Purpose – The purpose of this study is to investigate the association between corporate risk and the interaction between CEO incentive compensation and CEO overconfidence. Design/methodology/approach – This empirical study performs random and fixed effects regression analysis. It uses option-implied measures of CEO overconfidence. Findings – The authors contribute to the existing literature by showing 1) that the positive association between high CEO incentive compensation and corporate risk only exists in the sphere of overconfident CEOs and 2) that the positive association between overconfident CEOs and corporate risk only exists in the sphere of high CEO incentive compensation.
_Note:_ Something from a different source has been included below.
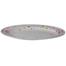 Italiano 16 Inches Rice Dish - Camellia image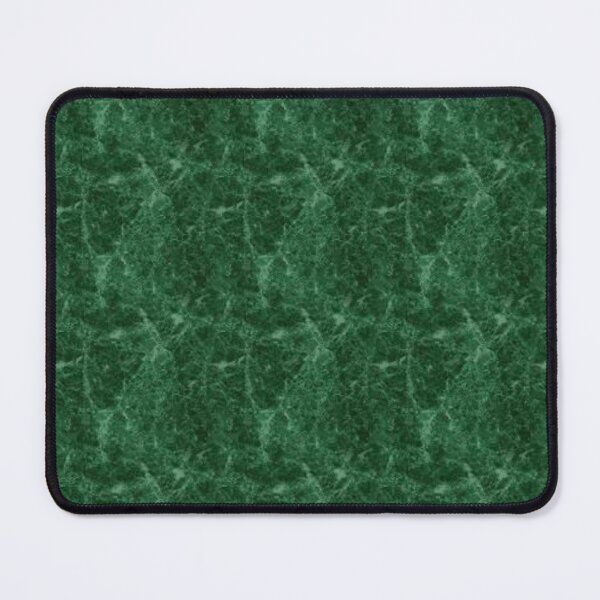 Item preview, Dark green marble designed and sold by Peni Whelan.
The authors show that the combination of high CEO incentive compensation and CEO overconfidence is associated with an increase in corporate risk of approximately 6% while the individual effects are for all practical purposes negligible. The results imply that only the combination of high CEO incentive compensation and CEO overconfidence is associated with a significantly elevated level of corporate risk. Research limitations/implications – The findings are based on S&P 1500 non-financial firms in the period 2007-2016. Practical implications - The findings have important implications in terms of CEO selection and compensation. Originality – This study provides empirical evidence on the importance of the dual presence of high CEO incentive compensation and CEO overconfidence for corporate risk. Previous literature has primarily investigated these phenomena in isolation.